== GIVEN RECORDS

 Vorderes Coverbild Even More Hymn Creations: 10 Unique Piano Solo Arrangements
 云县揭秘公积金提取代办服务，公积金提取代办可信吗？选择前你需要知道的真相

====
== GIVEN RECORDS

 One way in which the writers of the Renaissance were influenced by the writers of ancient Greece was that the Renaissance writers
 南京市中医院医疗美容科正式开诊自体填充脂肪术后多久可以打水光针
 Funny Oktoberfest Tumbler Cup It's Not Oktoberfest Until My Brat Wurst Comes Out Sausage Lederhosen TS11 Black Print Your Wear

====

Output the lines above between the one holding "One way in which" and the one holding "Funny Oktoberfest Tumbler", inclusive, with nothing before or after them.

 One way in which the writers of the Renaissance were influenced by the writers of ancient Greece was that the Renaissance writers
 南京市中医院医疗美容科正式开诊自体填充脂肪术后多久可以打水光针
 Funny Oktoberfest Tumbler Cup It's Not Oktoberfest Until My Brat Wurst Comes Out Sausage Lederhosen TS11 Black Print Your Wear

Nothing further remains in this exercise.